On Mon, Nov 3, 2025 at 11:34 AM Martin Jambor <[email protected]> wrote:
>
> Hi,
>
> On Sun, Nov 02 2025, Richard Biener wrote:
> > On Fri, Oct 31, 2025 at 10:47 PM Martin Jambor <[email protected]> wrote:
> >>
> >> Hi,
> >>
> >> this patch adds the ability to infer ranges from loads from global
> >> constant static aggregates which have static initializers. Even when
> >> the load has an ARRAY_REF with an unknown index and thus we do not know
> >> the particular constant that is being loaded, we can traverse the
> >> corresponding elements of the initializer and see if we know in what
> >> range(s) the loaded value must fall - or for pointers we can sometimes
> >> infer that the value cannot be NULL.
> >>
> >> I thought this was similar to fold_using_range::range_of_address and
> >> so I decided to put my implementation alongside of it. I hope that is
> >> the correct place.
> >>
> >> Bootstrapped, LTO-bootstrapped and tested on x86_64-linux, bootstrap
> >> on aarch64-linux is underway. OK for master if it passes?
> >
> > Comments below.
> >
> >> Thanks,
> >>
> >> Martin
> >>
> >>
> >> gcc/ChangeLog:
> >>
> >> 2025-10-31 Martin Jambor <[email protected]>
> >>
> >> * gimple-range-fold.h (class fold_using_range): New member
> >> function range_from_readonly_var.
> >> * gimple-range-fold.cc (fold_using_range::fold_stmt): Call
> >> range_from_readonly_var on assignments.

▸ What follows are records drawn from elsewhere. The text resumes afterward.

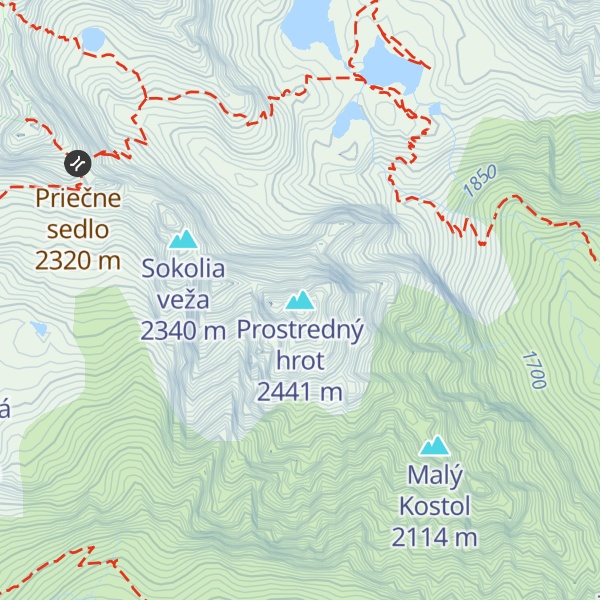 Map of Prostredný hrot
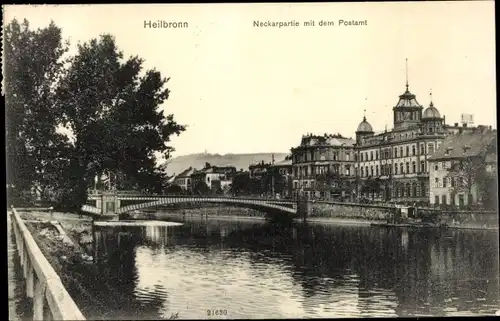 Ak Heilbronn am Neckar, Neckarpartie mit Postamt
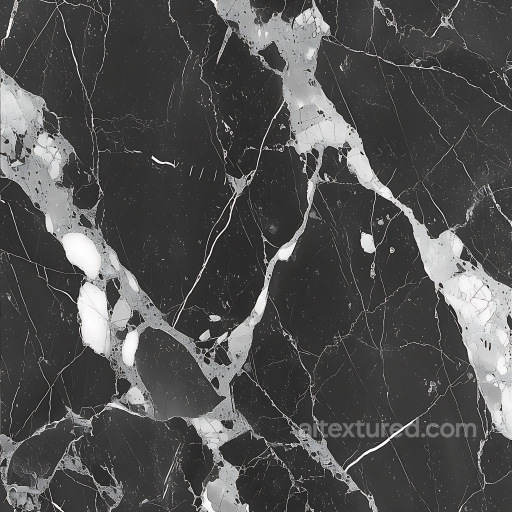 Black Marble PBR Texture Featuring Bold White Veins and Polished Finish seamless Marble PBR texture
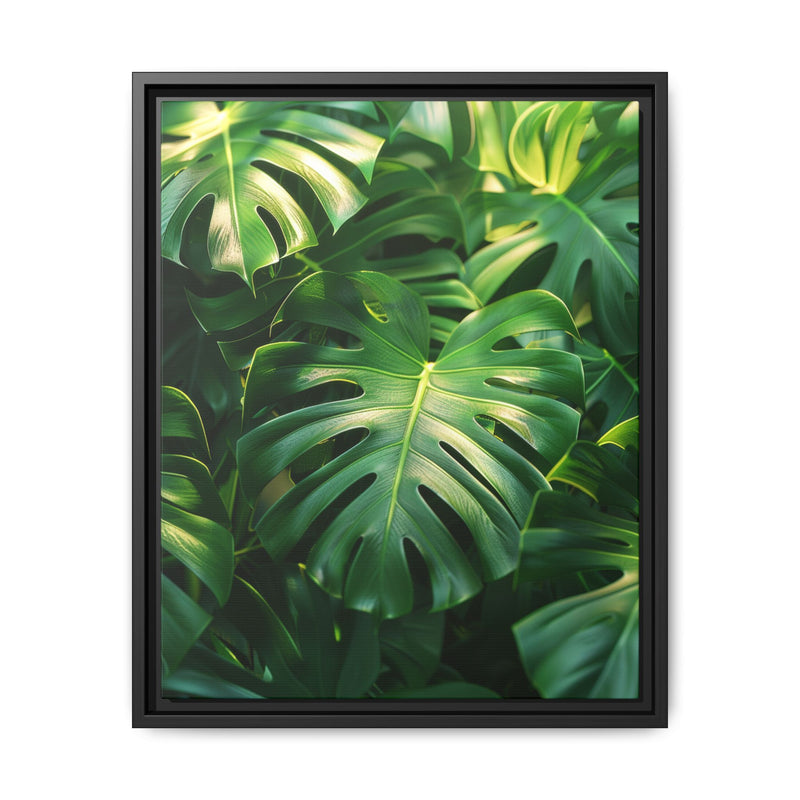 Floating Monstera Leaves Art Print - Serene Nature Elegance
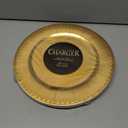 Silver Spoons Gold with Beaded Rim Disposable Charger Paper Plates - 13" (Pack of 10) - Perfect for Weddings, Parties & Special Occasions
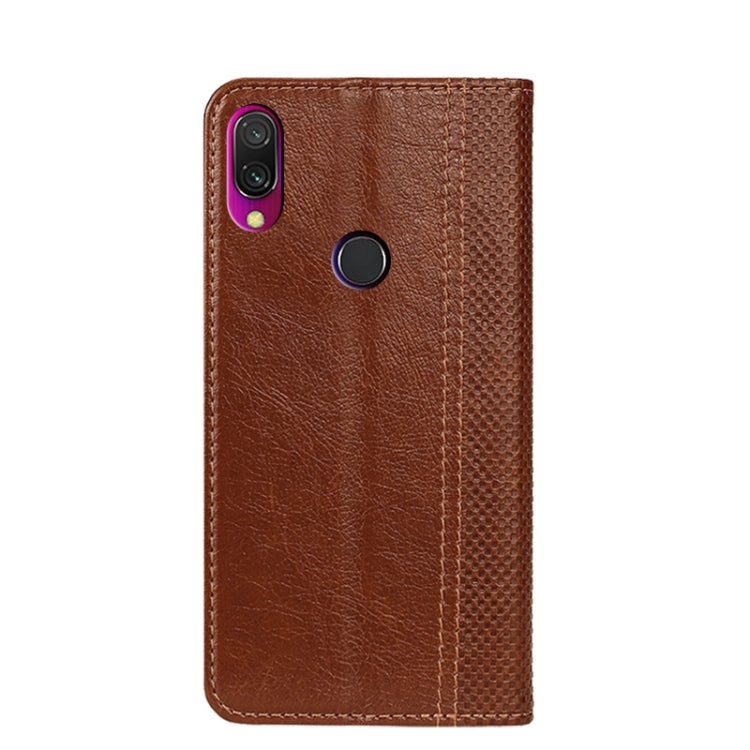 For Xiaomi Redmi Y3 Grid Texture Magnetic PU + TPU Horizontal Flip Leather Case with Holder & Card Slot
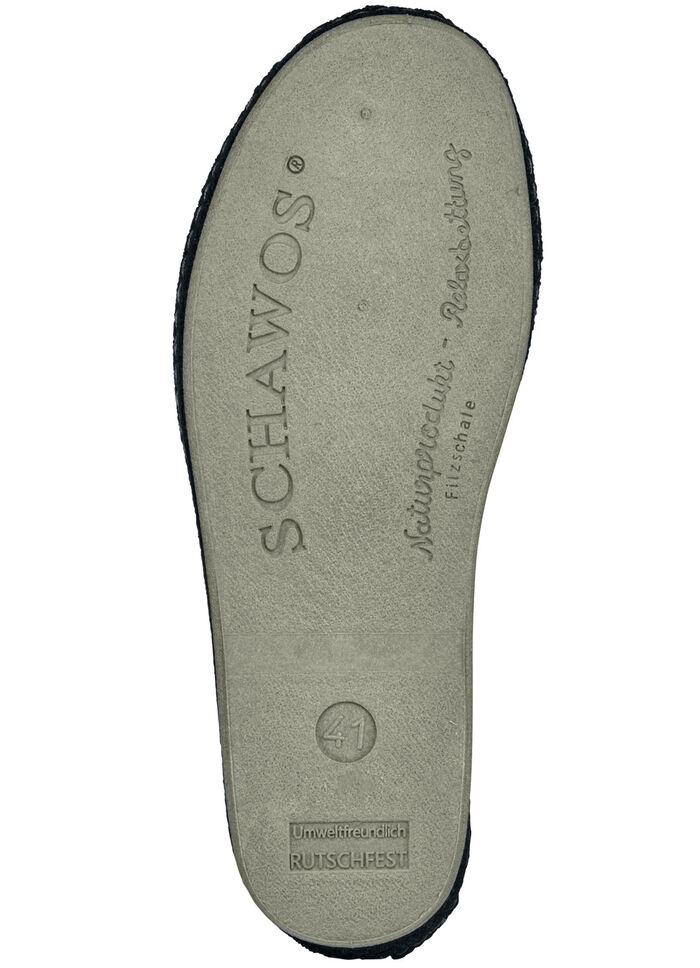 Gevoerde herenpantoffels, met nieuwe wol GRIJS-ZWART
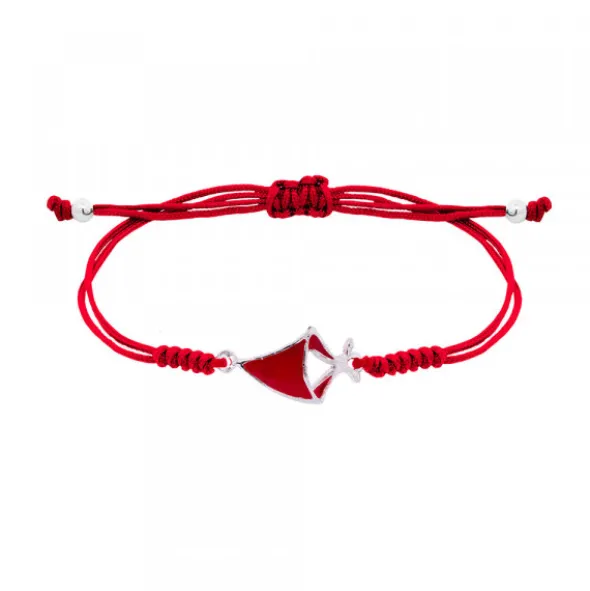 Pulsera Pañuelo San Fermín Plata con Hilo Rojo Nudos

> >> (add_loaded_invariant_to_range): New function.
> >> (range_from_readonly_load): Likewise.
> >> (fold_using_range::range_from_readonly_var): Likewise.

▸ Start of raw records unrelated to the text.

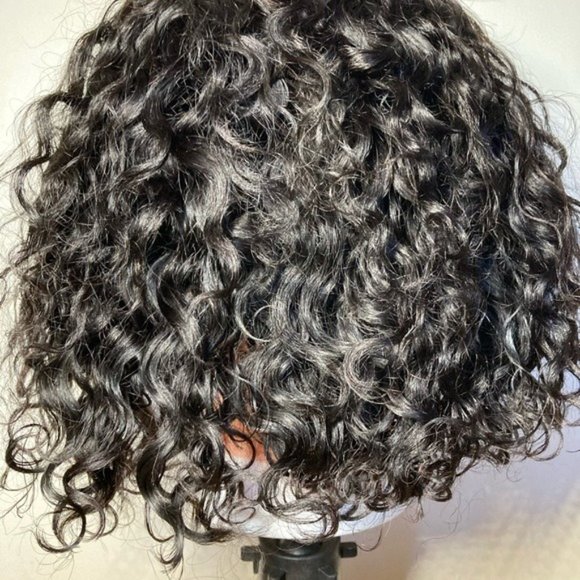 Short Bob Curly Human Hair Lace Front Wig - Picture 9 of 15
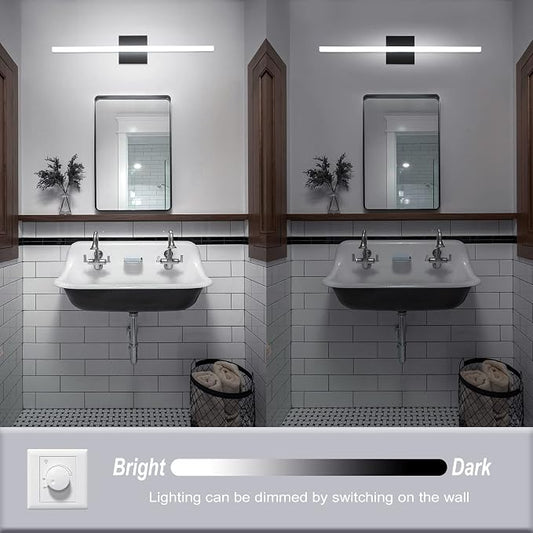 Bathroom Light Fixtures Dimmable Black Vanity Lights Bar 24 Inch 14W Bathroom Lights Over Mirror ip44 Wall Sconces Daylight White 6000K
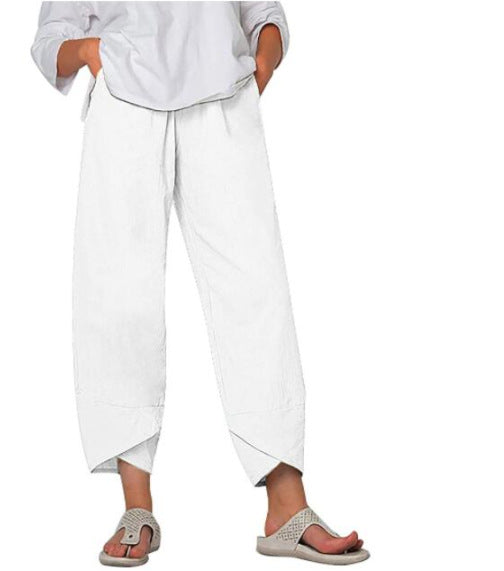 Syndra – Luftige Baumwoll-Leinen Hose mit weitem Bein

> >> * params.opt (param_vrp_cstload_limit): New.
> >> * doc/invoke.texi (vrp-cstload-limit): Likewise.
> >>
> >> gcc/testsuite/ChangeLog:
> >>
> >> 2025-10-31 Martin Jambor <[email protected]>
> >>
> >> * gcc.dg/tree-ssa/vrp-from-cst-agg-1.c: New test.
> >> * gcc.dg/tree-ssa/vrp-from-cst-agg-2.c: Likewise.
> >> * gcc.dg/tree-ssa/vrp-from-cst-agg-3.c: Likewise.
> >> * gcc.dg/tree-ssa/vrp-from-cst-agg-4.c: Likewise.
> >> * gcc.dg/ipa/vrp-from-cst-agg-5.c: Likewise.
> >> ---
> [...]
> >> diff --git a/gcc/gimple-range-fold.cc b/gcc/gimple-range-fold.cc
> >> index 06c645f3d08..b455589428e 100644
> >> --- a/gcc/gimple-range-fold.cc
> >> +++ b/gcc/gimple-range-fold.cc
> >> @@ -639,10 +639,14 @@ fold_using_range::fold_stmt (vrange &r, gimple *s,
> >> fur_source &src, tree name)
> >> if (!name)
> >> name = gimple_get_lhs (s);
> >>
> >> - // Process addresses.
> >> - if (gimple_code (s) == GIMPLE_ASSIGN
> >> - && gimple_assign_rhs_code (s) == ADDR_EXPR)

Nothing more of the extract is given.